(MATERIAL FOR THIS TASK begins)

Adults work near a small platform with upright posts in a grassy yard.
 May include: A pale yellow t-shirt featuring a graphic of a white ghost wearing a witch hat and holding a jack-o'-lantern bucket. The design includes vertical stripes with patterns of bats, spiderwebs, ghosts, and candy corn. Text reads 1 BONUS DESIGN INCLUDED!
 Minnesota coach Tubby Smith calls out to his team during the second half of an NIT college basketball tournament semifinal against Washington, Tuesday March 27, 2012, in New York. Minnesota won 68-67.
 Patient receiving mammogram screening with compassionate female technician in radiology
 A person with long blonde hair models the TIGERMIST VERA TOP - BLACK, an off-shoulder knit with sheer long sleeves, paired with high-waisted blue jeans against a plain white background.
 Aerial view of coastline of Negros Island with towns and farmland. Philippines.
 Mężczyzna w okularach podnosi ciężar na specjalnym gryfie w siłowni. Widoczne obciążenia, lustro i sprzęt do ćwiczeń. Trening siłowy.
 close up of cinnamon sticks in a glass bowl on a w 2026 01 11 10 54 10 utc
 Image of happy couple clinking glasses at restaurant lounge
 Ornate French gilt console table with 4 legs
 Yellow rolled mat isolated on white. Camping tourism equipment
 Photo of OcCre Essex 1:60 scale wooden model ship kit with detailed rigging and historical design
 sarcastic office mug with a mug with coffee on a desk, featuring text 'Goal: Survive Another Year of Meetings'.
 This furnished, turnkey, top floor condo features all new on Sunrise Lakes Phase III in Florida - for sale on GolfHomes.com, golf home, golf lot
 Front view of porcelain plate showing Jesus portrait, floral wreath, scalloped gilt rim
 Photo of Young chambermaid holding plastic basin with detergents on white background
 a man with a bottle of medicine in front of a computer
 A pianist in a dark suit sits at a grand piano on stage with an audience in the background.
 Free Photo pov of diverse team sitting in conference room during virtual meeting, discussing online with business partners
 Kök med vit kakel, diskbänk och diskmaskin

(MATERIAL FOR THIS TASK ends)

WORK REQUEST:
Working from the entries above, filter out every line that lacks "against" and copy what remains.

OUTPUT FOR THIS TASK:
 Minnesota coach Tubby Smith calls out to his team during the second half of an NIT college basketball tournament semifinal against Washington, Tuesday March 27, 2012, in New York. Minnesota won 68-67.
 A person with long blonde hair models the TIGERMIST VERA TOP - BLACK, an off-shoulder knit with sheer long sleeves, paired with high-waisted blue jeans against a plain white background.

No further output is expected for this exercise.